An Indictment of the Financial Sector

The purpose of the traditional blue-ribbon government panel has to been to study a serious problem and issue a report with vague explanations of causes and mushy policy prescriptions. The new report from the federal government’s Financial Crisis Inquiry Commission is a refreshing exception to the rule.

In the place of such nebulous prose, the 600-page-plus document is filled with pointed analyses of who did what wrong when. In other words, it names names. The FCIC acknowledges that it needed to delve into arcane subjects such as securitization and derivatives, but the report’s preface states:

To bring these subjects out of the realm of the abstract, we conducted case study investigations of specific financial firms—and in many cases specific facets of these institutions—that played pivotal roles. Those institutions included American International Group (AIG), Bear Stearns, Citigroup, Countrywide Financial, Fannie Mae, Goldman Sachs, Lehman Brothers, Merrill Lynch, Moody’s, and Wachovia. We looked more generally at the roles and actions of scores of other companies.

To get a sense of the scope of the rogues’ gallery of financial players, take a look at the report’s index, which, interestingly, is not in the official PDF but can be found on the website of the publisher that is issuing the commercial version.  There are dozens of entries for specific firms and even more for specific individuals. Goldman Sachs and Lehman Brothers, for instance, each have listings for about 40 different pages.

The FCIC does not just mention names; it assigns responsibility and soundly rejects the notion—expressed at commission hearings by major financial industry executives—that the crisis came as a complete surprise:

The crisis was the result of human action and inaction, not of Mother Nature or computer models gone haywire. The captains of finance and the public stewards of our financial system ignored warnings and failed to question, understand, and manage evolving risks within a system essential to the well-being of the American public.
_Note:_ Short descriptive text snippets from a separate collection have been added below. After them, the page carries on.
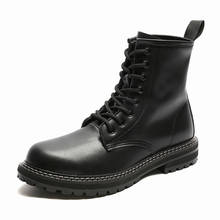 Homens de luxo moda botas da motocicleta preto sapatos plataforma bonito cowboy bottes homme outono inverno curto botas zapato 2024 - compre barato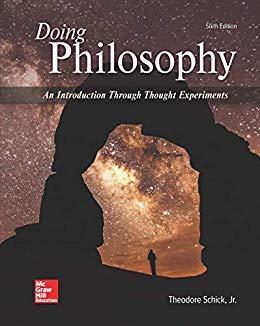 Book Doing Philosophy: An Introduction Through Thought Experiments free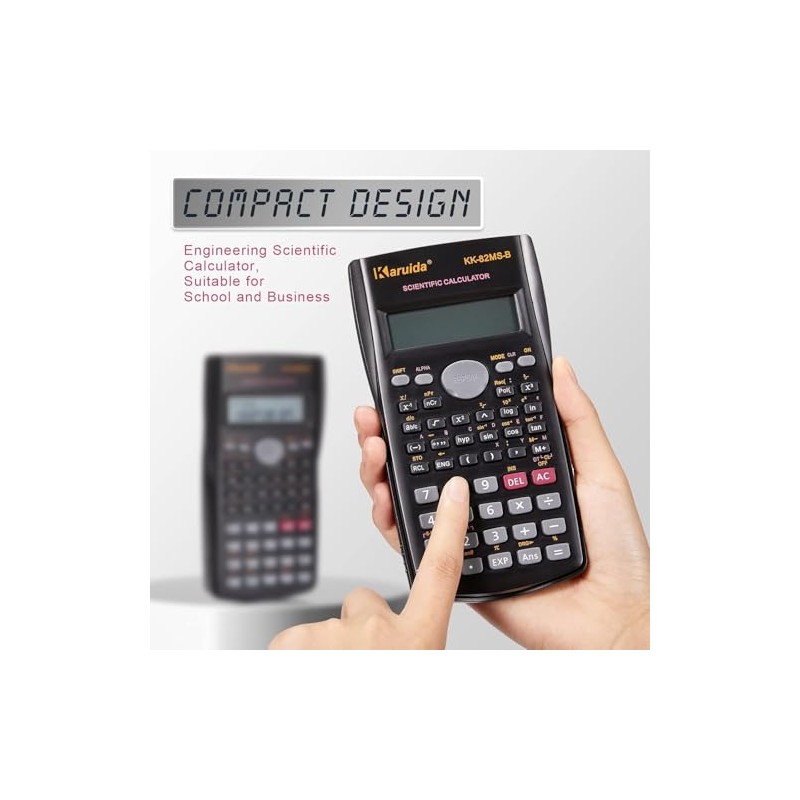 Flutesan Calculadora científica de ingeniería de 2 líneas, calculadora matemática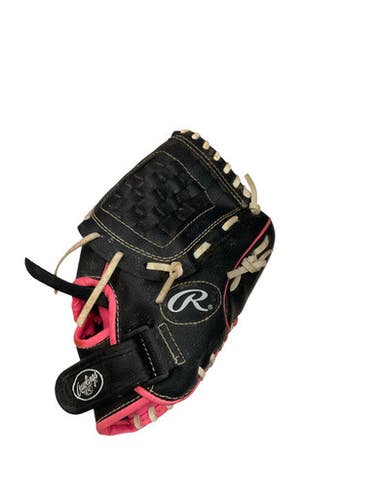 Used Rawlings PLAYER SERIES BB/SB Glove T-ball Black 10 1/2" 11859-S000028433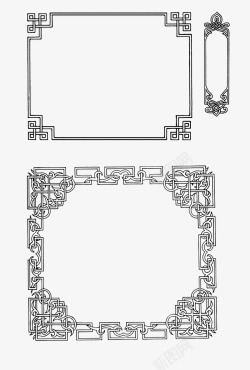 中国风边框合集素材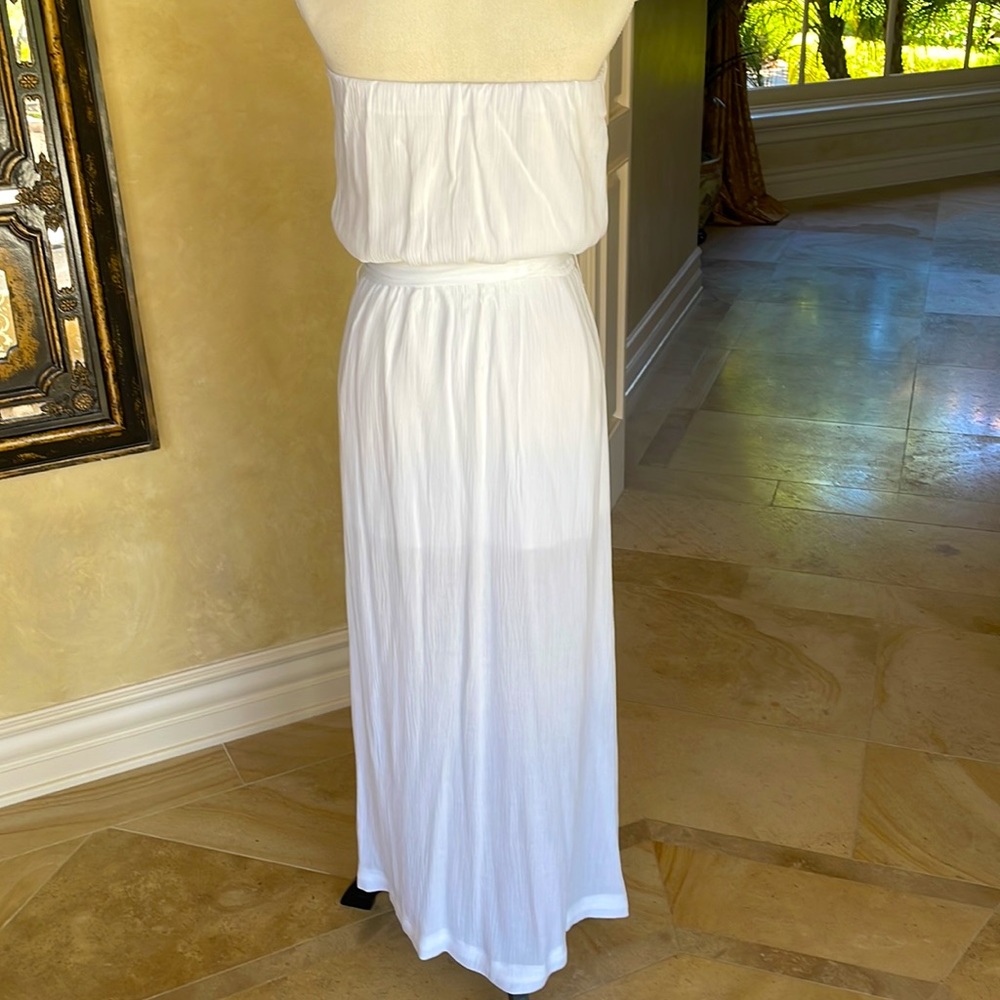 Elan long white dress - Picture 7 of 9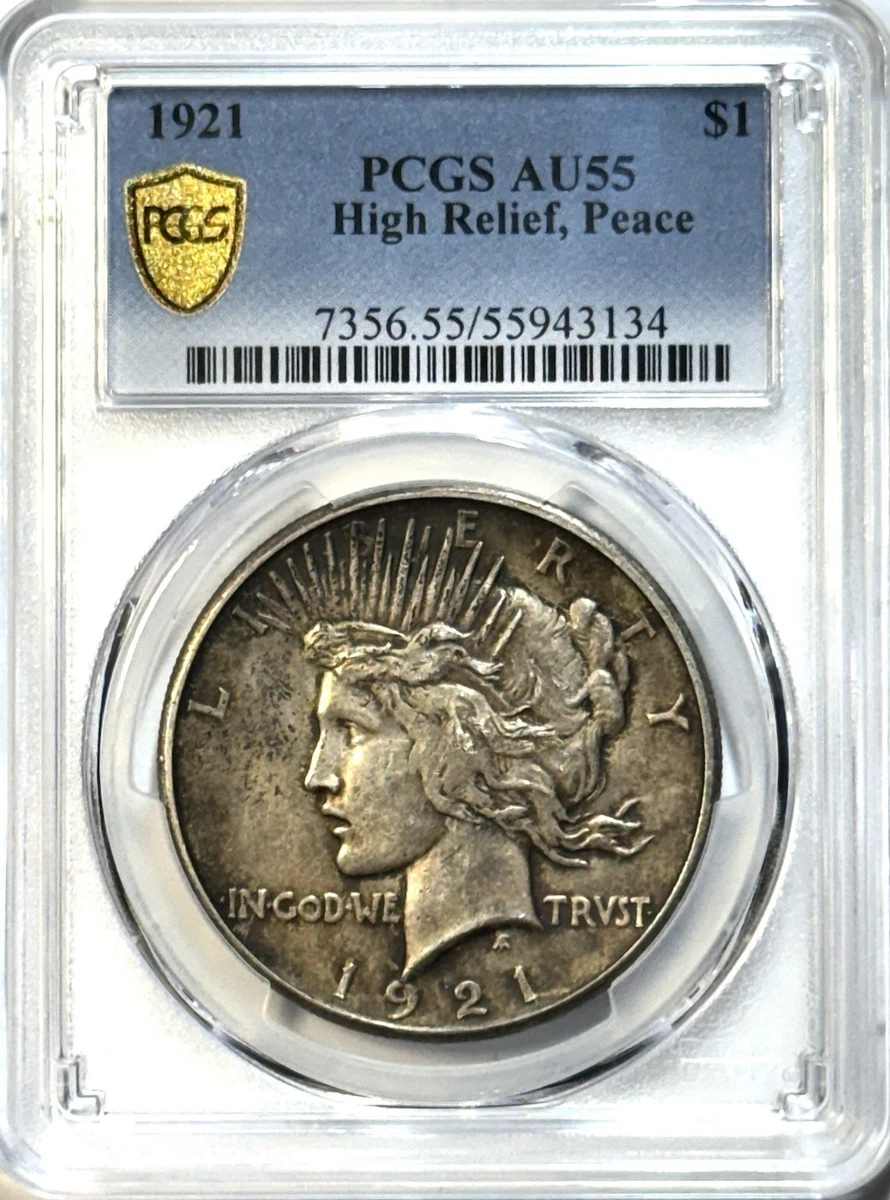 1921 Year Grade AU 55 Peace Dollars (1921-1935) for sale | eBay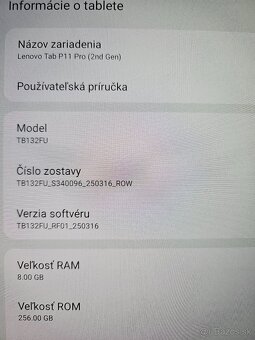 Lenovo Tab P11 Pro (2nd Gen) – 8 GB RAM / 256 GB – TOP stav - 4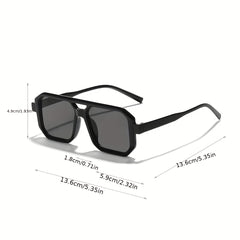 Top Bar Aviator Sunglasses Square Frame Outdoor Glasses UV400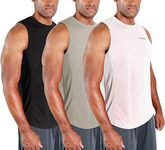 DEVOPS 3 Pack Men's Muscle Shirts S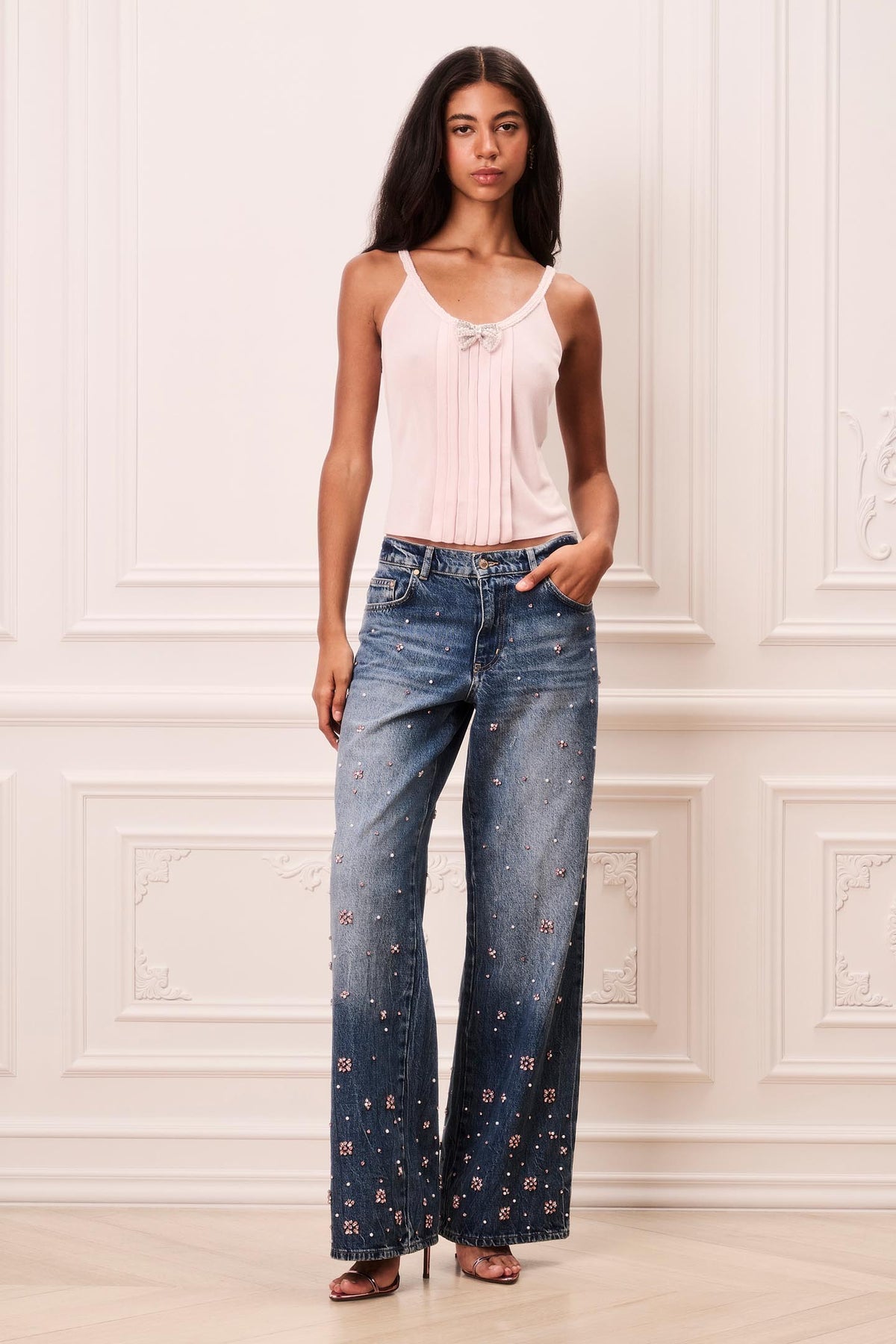 Roxelle Pleated Knit Tank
It is satisfying that the report acknowledges the culpability of figures in both the private and the public spheres. Along with Wall Street villains, it fingers government institutions and officials, especially those with regulatory responsibilities:

The sentries were not at their posts, in no small part due to the widely accepted faith in the self-correcting nature of the markets and the ability of financial institutions to effectively police themselves. More than 30 years of deregulation and reliance on self-regulation by financial institutions, championed by former Federal Reserve chairman Alan Greenspan and others, supported by successive administrations and Congresses, and actively pushed by the powerful financial industry at every turn, had stripped away key safeguards, which could have helped avoid catastrophe.

Figures such as current Fed Chairman Ben Bernanke, former Treasury Secretary Henry Paulson and former SEC chair Christopher Cox are singled out for making misleading statements in 2008 about the gravity of the situation just before the crisis erupted. The report goes on to state:

Our examination revealed stunning instances of governance breakdowns and irresponsibility. You will read, among other things, about AIG senior management’s ignorance of the terms and risks of the company’s $79 billion derivatives exposure to mortgage-related securities; Fannie Mae’s quest for bigger market share, profits, and bonuses, which led it to ramp up its exposure to risky loans and securities as the housing market was peaking; and the costly surprise when Merrill Lynch’s top management realized that the company held $55 billion in “super-senior” and supposedly “super-safe” mortgage-related securities that resulted in billions of dollars in losses.

Finding that “a combination of excessive borrowing, risky investments, and lack of transparency put the financial system on a collision course with crisis,” the FCIC cites the high leverage ratios at the leading investment banks and the fact that “the leverage was often hidden—in derivatives positions, in off-balance-sheet entities, and through ‘window dressing’ of financial reports available to the investing public.”

The report continues: “When the housing and mortgage markets cratered, the lack of transparency, the extraordinary debt loads, the short-term loans, and the risky assets all came home to roost. What resulted was panic. We had reaped what we had sown.” One chapter, covering the explosion of risky financial instruments such as collateralized debt obligations is entitled “The Madness.”

Perhaps most damning is the FCIC’s finding of a “systemic breakdown in accountability and ethics” that “stretched from the ground level to the corporate suites.” For example, the report cites the case of the subprime lender Countrywide (later taken over by Bank of America):

As early as September 2004, Countrywide executives recognized that many of the loans they were originating could result in “catastrophic consequences.”  Less than a year later, they noted that certain high-risk loans they were making could result not only in foreclosures but also in “financial and reputational catastrophe” for the firm. But they did not stop.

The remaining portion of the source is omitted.